While the forensic science community looked at revising possible fallacies, the media started to peal back our armor of integrity. These cracks in the armor started to appear more frequently in print with reports such as the two chemists in the Massachusetts’ Public Health laboratories. They either dry-labbed drug analysis results or took drug evidence for personal use. Similar examples in other crime laboratories were reported across the United States. The media revealed more horrific discoveries and identified examiners who purposely falsified evidence for a multitude of reasons, such as to support the investigator’s suspicions, to strengthen the prosecution’s case, or to make themselves feel indispensable to the department.3

Media’s revelations came as a shock to many of us in the profession. When an individual decides to enter our profession, there is an inherent respect for the duties and responsibilities associated with the job. A forensic science examiner is held to a high level of professionalism when accepting the responsibility of handling and examining evidence. To ensure individuals understand their responsibilities, forensic science associations and organizations, including the AAFS, established a code of ethics for their membership. Demonstrating the growing concern of the number of experts’ mishandling evidence, in 2016 a National Code of Professional Responsibility was created by the National Commission on Forensic Science (NCFS) and accepted by Attorney General Loretta Lynch.4

These professional conduct issues are being addressed by a community already facing another form of accusation. I am surprised when I read commentaries or articles implying a PhD held by a forensic scientist isn’t a true PhD in science. I am confident that when comparing curriculum requirements for a PhD in chemistry, the courses and thesis obligations would be the same whether a job was taken in forensic science or in research. These accusations also target established forensic science methods and procedures. I am proud to say the profession has taken up the challenge to confirm or refute the accusations. Since the 2009 National Academy of Sciences (NAS) Report and the 2016 President’s Council of Advisors on Science and Technology (PCAST) report much research, both federal and private, has taken place to specifically address the identified issues.5,6 Our profession has embraced new technology, applied algorithms with statistical applications, and selected different terminology to correctly correspond with the layperson’s interpretation. Agencies have reviewed their processes making the required changes and Forensic Science Commissions have been established to assist in oversight, mitigate problems, and improve transparency. For further explanation on this subject, review my President’s Editorial in the January 2019 issue of the Journal of Forensic Sciences (JFS) for a snapshot of some of the activities that have taken place since 2009.

It is possible more press releases will identify other wrongly incarcerated individuals claiming incompetence by the forensic science profession. I will always feel appalled for what happened to that individual. The word “sorry” and financial compensation will never replace the lost years of their lives. But, in the same breath, I am dismayed each time I read an article that disgraces the profession, that implies the entire judicial system hinges on one person’s testimony or accuses experts of lacking integrity.

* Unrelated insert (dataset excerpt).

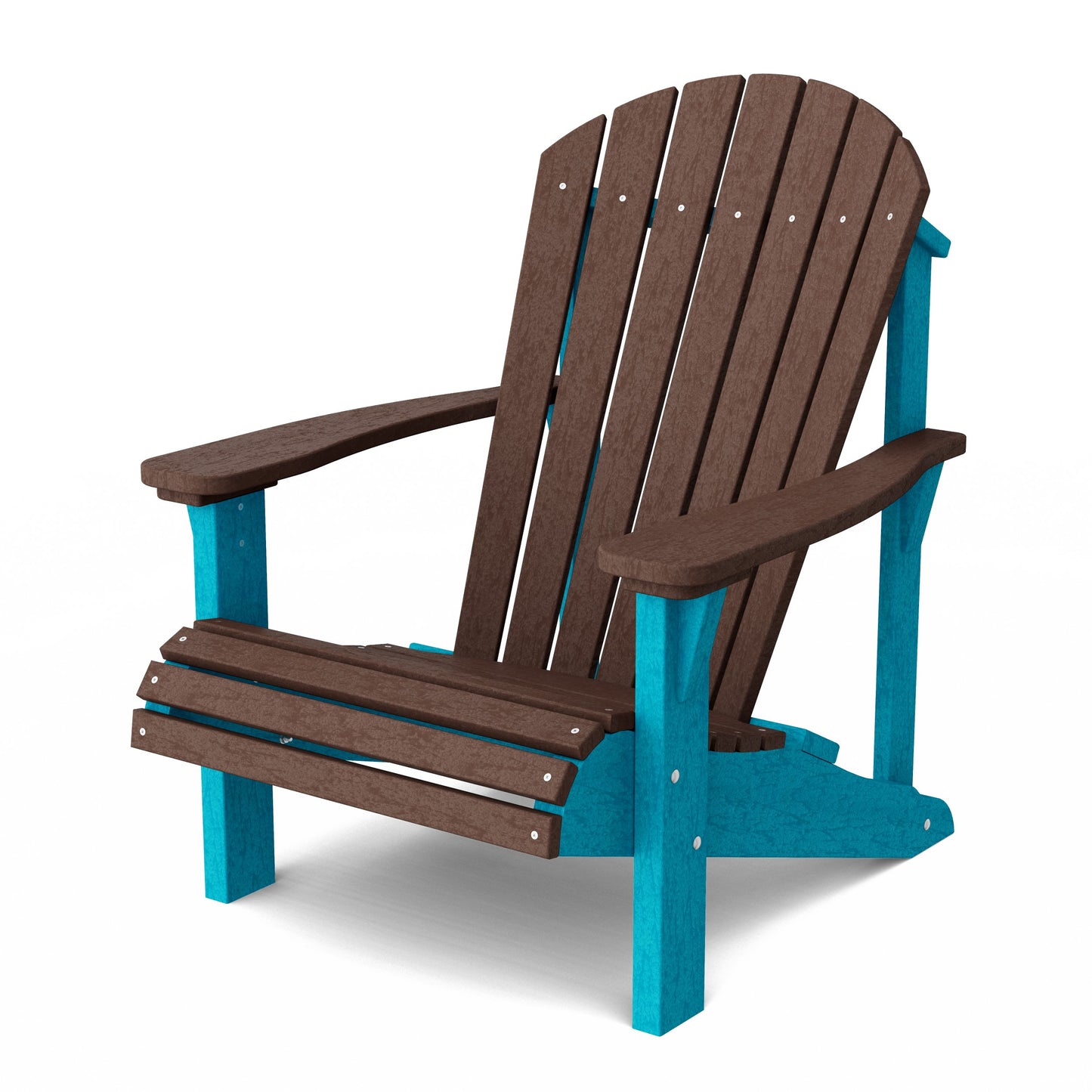 Heritage Sunrise Adirondack Chair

What has been accomplished in the past decade regarding revisions to methods and procedures demonstrates our profession accepts its responsibility for scientific rigor.

As AAFS President I commend each of you for your perseverance with heavy caseloads, long hours in court, and unending love for the profession. Your professionalism demonstrates your Diligence to the effort, Dedication to handling the details and Devotion to the field. I thank you for the opportunity to serve you over the year and I look forward to being part of our future endeavors.